An exact transcription of every entry is required. Images are not part of it.
···
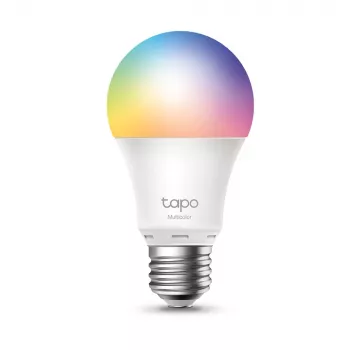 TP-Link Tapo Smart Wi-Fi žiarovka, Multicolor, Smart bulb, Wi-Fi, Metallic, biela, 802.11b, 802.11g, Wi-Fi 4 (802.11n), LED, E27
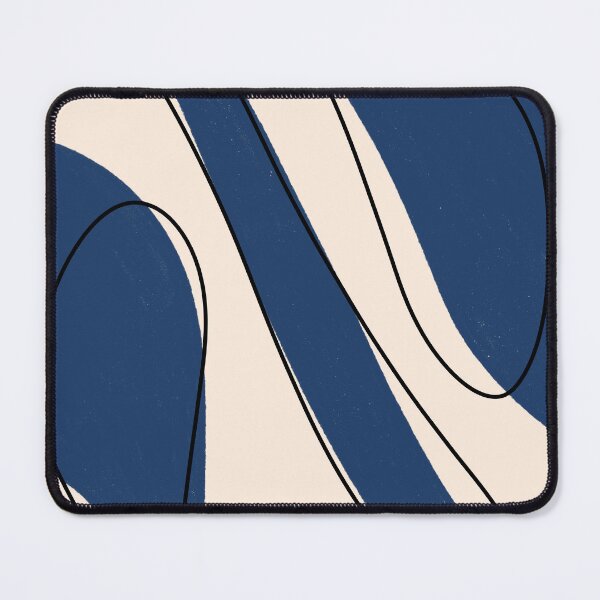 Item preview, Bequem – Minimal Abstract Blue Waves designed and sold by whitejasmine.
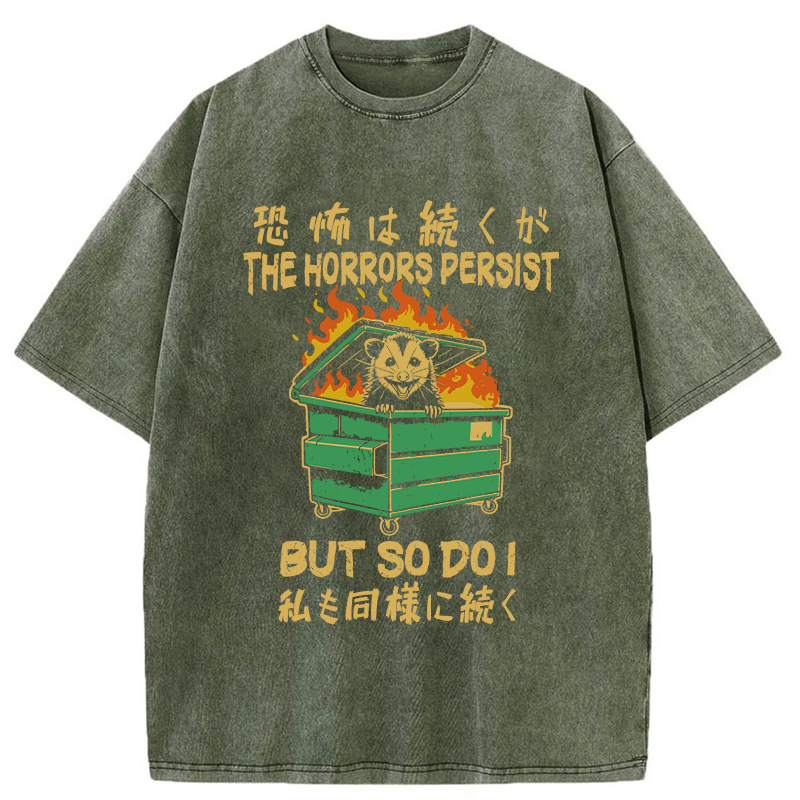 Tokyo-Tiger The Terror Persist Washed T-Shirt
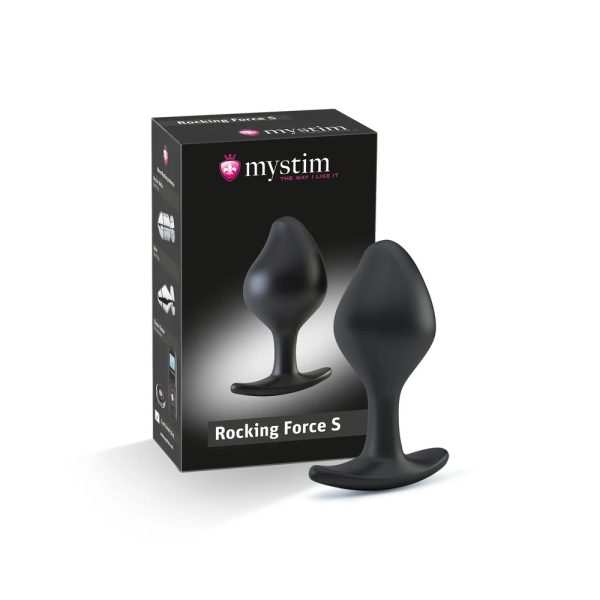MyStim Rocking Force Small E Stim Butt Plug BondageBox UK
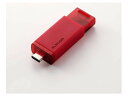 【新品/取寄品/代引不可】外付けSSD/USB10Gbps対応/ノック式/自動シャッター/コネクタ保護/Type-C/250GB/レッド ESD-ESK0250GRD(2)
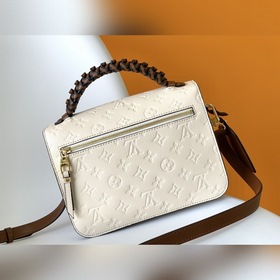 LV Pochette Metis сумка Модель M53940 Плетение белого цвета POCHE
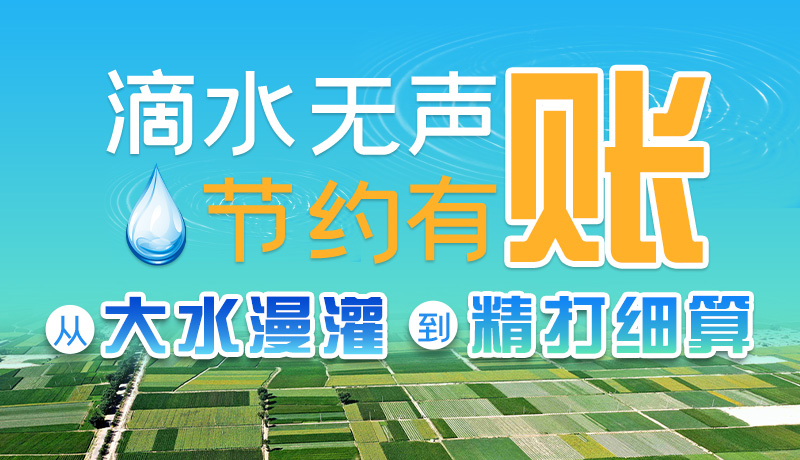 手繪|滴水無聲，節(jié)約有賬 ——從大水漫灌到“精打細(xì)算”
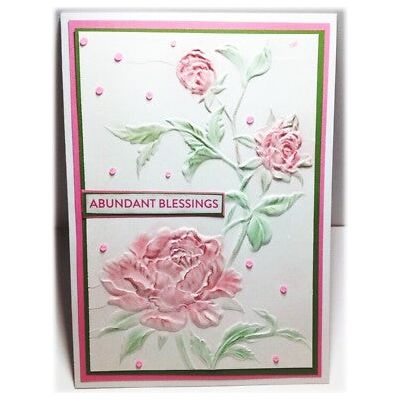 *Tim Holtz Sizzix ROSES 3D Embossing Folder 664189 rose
···
#### RESPONSE FOR THIS EXERCISE
 TP-Link Tapo Smart Wi-Fi žiarovka, Multicolor, Smart bulb, Wi-Fi, Metallic, biela, 802.11b, 802.11g, Wi-Fi 4 (802.11n), LED, E27
 Item preview, Bequem – Minimal Abstract Blue Waves designed and sold by whitejasmine.
 Tokyo-Tiger The Terror Persist Washed T-Shirt
MyStim Rocking Force Small E Stim Butt Plug BondageBox UK
 【新品/取寄品/代引不可】外付けSSD/USB10Gbps対応/ノック式/自動シャッター/コネクタ保護/Type-C/250GB/レッド ESD-ESK0250GRD(2)
 LV Pochette Metis сумка Модель M53940 Плетение белого цвета POCHE
 手繪|滴水無聲，節(jié)約有賬 ——從大水漫灌到“精打細(xì)算”
 *Tim Holtz Sizzix ROSES 3D Embossing Folder 664189 rose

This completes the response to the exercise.